FA Women's Premier League
- Season: 2015–16
- Champions: Brighton & Hove Albion
- Promoted: Brighton & Hove Albion

= 2015–16 FA Women's Premier League =

The 2015–16 FA Women's Premier League is the 25th season of the competition, which began in 1992. Formerly the top flight of women's football in England, this season it sits at the third and fourth levels of the women's football pyramid, below the two divisions of the FA Women's Super League and above the eight regional football leagues.

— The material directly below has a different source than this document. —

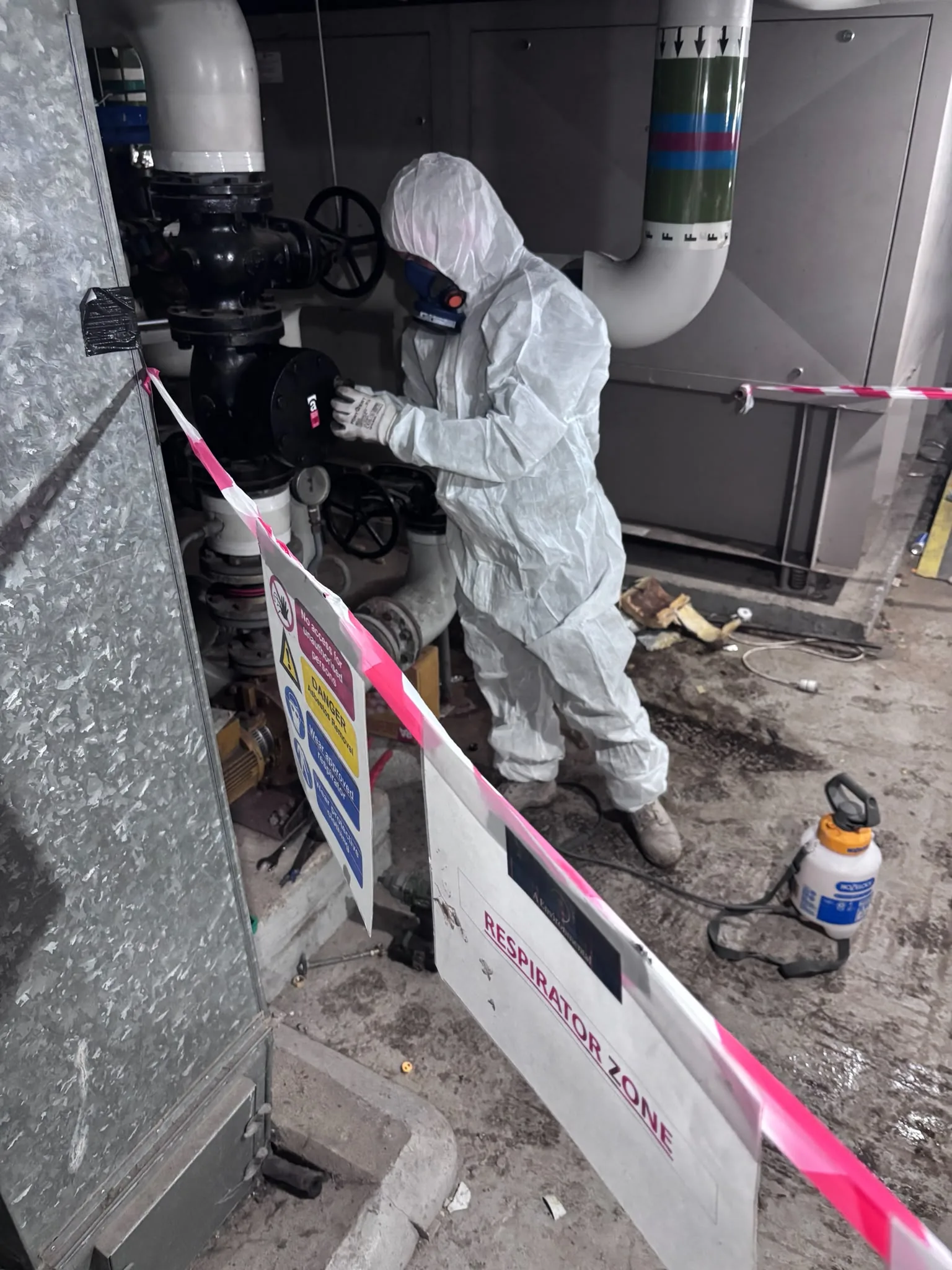 Asbestos artex removal from concrete soffit in Chelsea
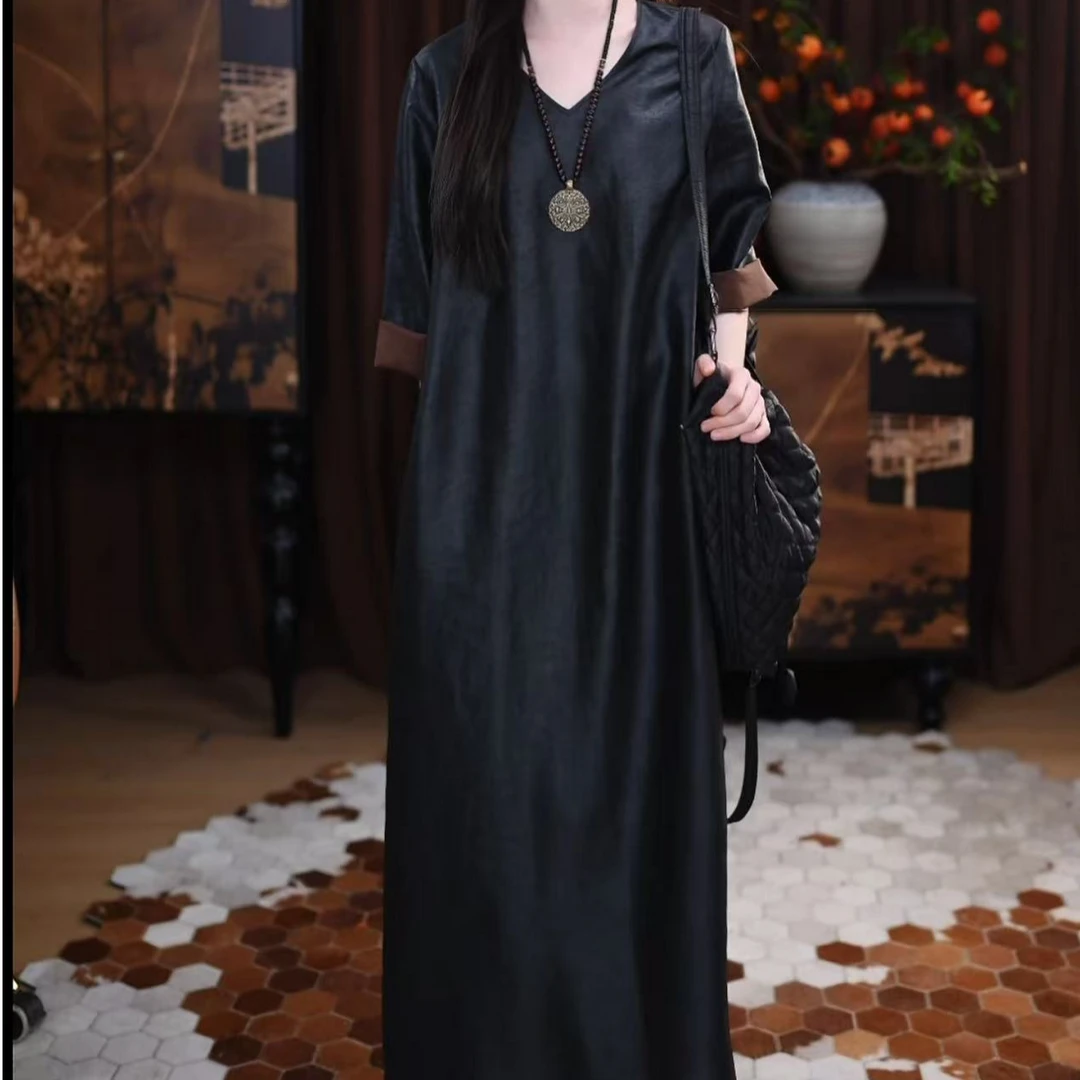 【司遥】香云纱新中式复古宽松女士国风腔调长款休闲时尚连衣裙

The league features six regional divisions: the Northern and Southern divisions at level three of the pyramid, and below those Northern Division 1, Midlands Division 1, South East Division 1, and South West Division 1. 72 teams were members of the league at the beginning of the 2015–16 season, divided equally into six divisions of twelve teams. At the end of the season the champions of the Northern and Southern divisions will both qualify for a playoff match against each other which will decide the overall league champion, who subject to meeting league requirements will be promoted to FA WSL 2.

==Premier Division==
===Northern Division===

Changes from last season:
- League champions Sheffield were promoted to FA WSL 2.
- Wolverhampton Wanderers were relegated to Midlands Division One.
- Loughborough Foxes and Guiseley Vixens were promoted into the Northern Division from Midlands Division One and Northern Division One respectively.
- Copsewood (Coventry) relocated into the Northern Division from the Southern and were renamed Nuneaton Town.
- Coventry United moved in the opposite direction, relocating from the North to the Southern Division.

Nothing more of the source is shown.